Quote every line of the data below as it stands, omitting pictures.

## DATA SEGMENT
[Start of Attachment]

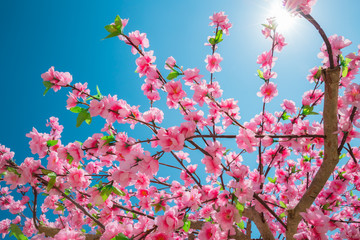 Spring Blooming Japanese Sakura flower summer travel season - Pink flower Almond Blossoms With Sunlight blue Sky.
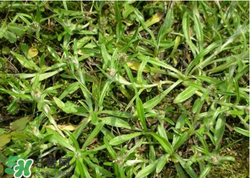 清明草可以做菜吃嗎？清明草能炒來吃嗎？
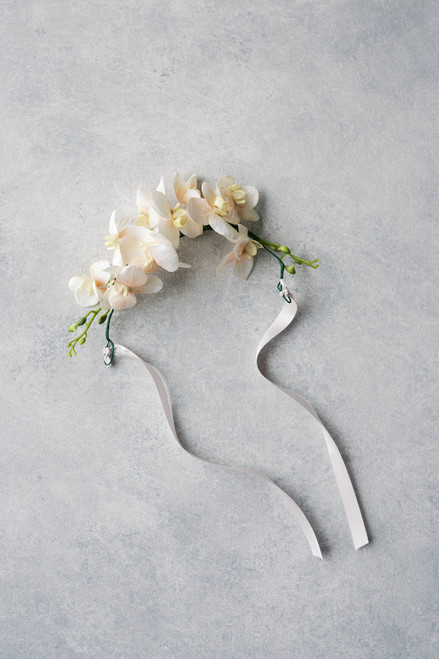 Wren Small Dog Collar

[End of Attachment]

## YOUR RESPONSE
 Spring Blooming Japanese Sakura flower summer travel season - Pink flower Almond Blossoms With Sunlight blue Sky.
 清明草可以做菜吃嗎？清明草能炒來吃嗎？
 Wren Small Dog Collar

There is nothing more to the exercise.